In each round, Leyden began by listing four famous people as possible answers. One member of each team was given a card with one of those famous people on it, and that player would have to assume the identity of that famous person (more than one team could have the same famous person). In other words, they would be "putting on" a different identity.

Leyden would then ask a bizarre or amusing question to each clue giver, who would answer in character to hint at their secret identity. For example, if a celebrity was given the identity of Robert Goulet and was asked, "If you were to have a human transplant, what part of your body would be transplanted?", a good clue would be to deepen their voice and answer, "My larynx." Or, if the celebrity was given the identity of Soupy Sales and asked "If you were a billboard, what would be on you?", they could use wordplay by saying, "A little boy and girl sitting next to a shiny aluminum can" (alluding to a "soup" can).

In the first part of each round, Leyden posed two questions to each clue giver. Then, based on their confidence, the clue giver's partner could bet up to half of their points on one of the four possibilities. In the second part of each round, the partners switched roles, this time only one question being played. Again, up to half the team's points could be bet.

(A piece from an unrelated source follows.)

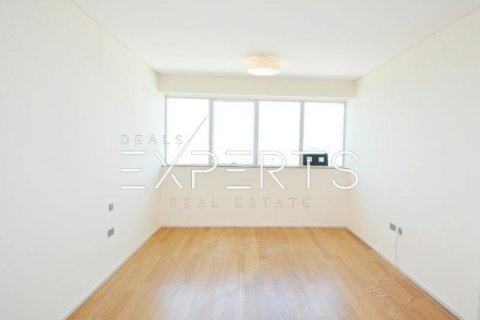 Byt v Al Raha Beach, Abu Dhabi, SAE 1 ložnice, 81.9 m² Č.: 548309 - fotografie 3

Before the final question in each round, Leyden informed one of the three teams that getting the next question correct would win the chance to play "Bonus Characters". In Bonus Characters, a deck of cards with various famous people or characters on them was placed between the teammates. They alternated taking a card and trying to communicate that person's identity using any means necessary (except names). The team had 45 seconds to give as many answers as possible, each one adding 20 points to the team's final score. A different team had the chance to play each round.

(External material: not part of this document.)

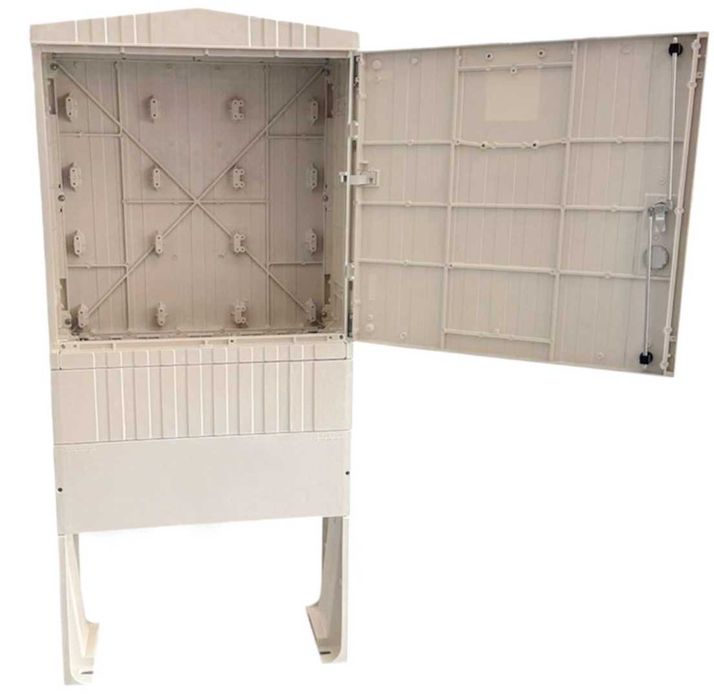 Електрощити та бокси ETI і СКІМ (8, 12 та більше модулів)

After three rounds, the team with the highest total won $500, second place $250, and last place nothing.

==Hosts==
Bill Leyden was the original host, with Larry Blyden, Bill Cullen and Peggy Cass as regular panelists. Blyden took over as host after Leyden relinquished his duties in September 1969. Although the official reason given for Leyden leaving the show was because its "production schedule caused him to have to commute weekly between his Los Angeles home and New York", in reality, Leyden had suffered a cerebral hemorrhage which would ultimately claim his life several months later. The pilot was hosted by actor Ron Husmann.

==Broadcast history==
This program was one of several shows which NBC attempted to program in the 1:30–2:30 slot against ABC's Let's Make a Deal (which began its run on NBC) and CBS' As the World Turns between 1968 and 1975. As with almost all of them, You're Putting Me On was a distant third in the ratings and lasted only six months. Its predecessor was the soap opera Hidden Faces, and the replacement program was a comeback attempt by Art Linkletter that also included his son Jack. Two years later, another of Stewart's programs, Three on a Match, was shown in the time slot for three years.

==Episode status==
The show is considered to be lost. A few episodes are held by the UCLA Film & Television Archive.